De brief van 13 mei is de laatste brief die Nel vanaf Texel zal schrijven naar Ria. De laatste brieven van Ria dateren van 17 en 19 mei 1945. Ze vertelt op 17 mei over de bevrijdingsfeesten in Heemstede en dat ze gedanst heeft. In de laatste brief van 19 mei meldt Ria dat Edu, de verloofde van Nel die in Heemstede was achtergebleven, onderweg is naar Texel.

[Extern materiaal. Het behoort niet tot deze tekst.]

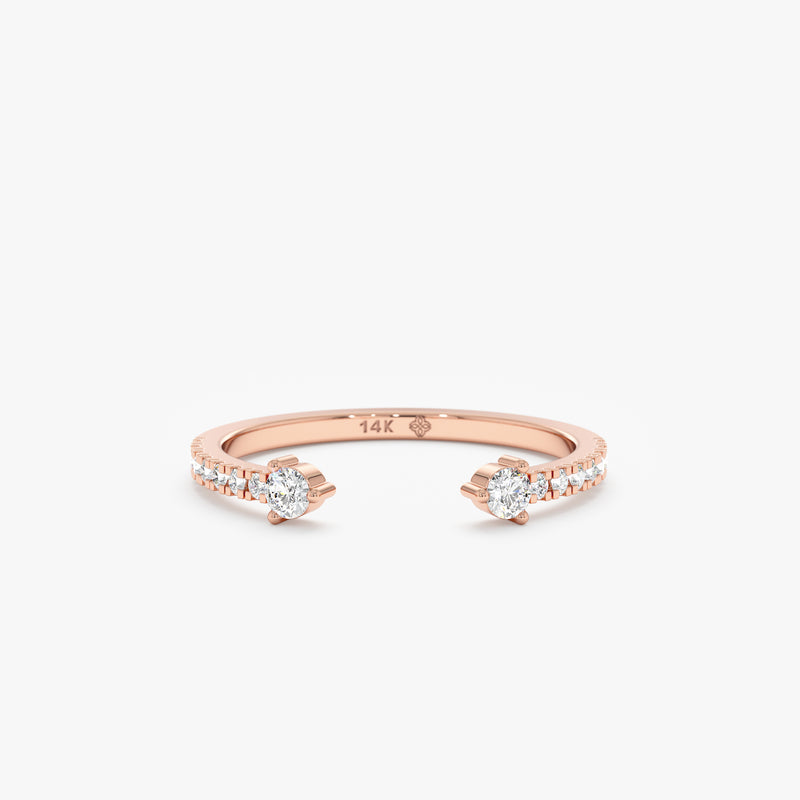 rose gold natural diamond cuff ring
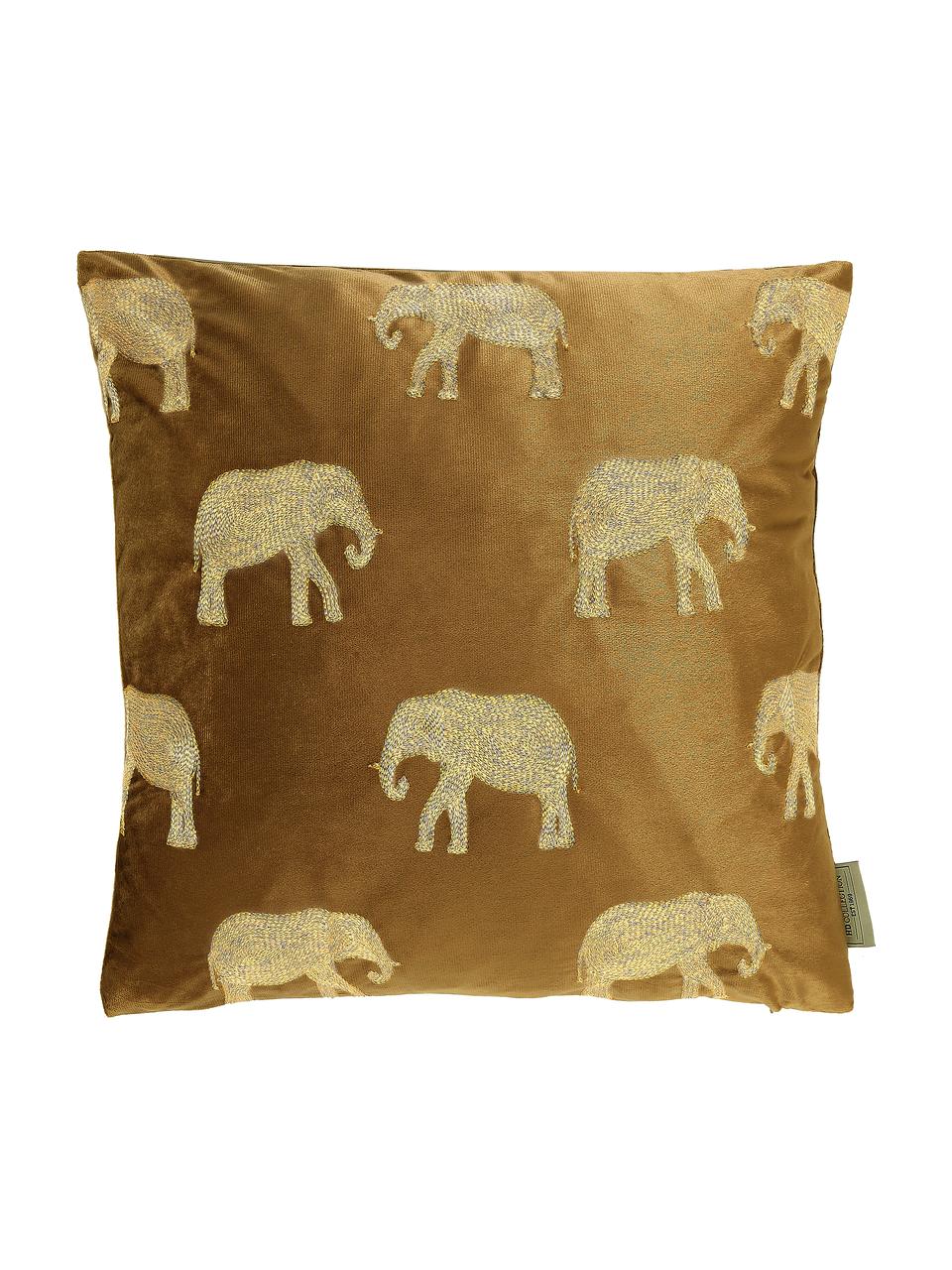 Coussin 45x45 velours brodé Elephant, 100 % velours (polyester), Brun, couleur dorée, larg. 45 x long. 45 cm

Nel heeft hem sinds maart al moeten missen. Voor haar is nu echter ook het moment van vrede en vrijheid aanstaande, zoals Ria twee weken eerder al heeft mogen ervaren. “Eindelijk geproefd van de vrijheid die we vijf jaar lang hebben moeten missen.”


Jeroen van Hattum

Nel Kikkert (1922-2014) die tijdens de Russenoorlog op Texel verbleef.
Ria Kikkert (1925-2014) die vanuit Heemstede met Nel brieven schreef.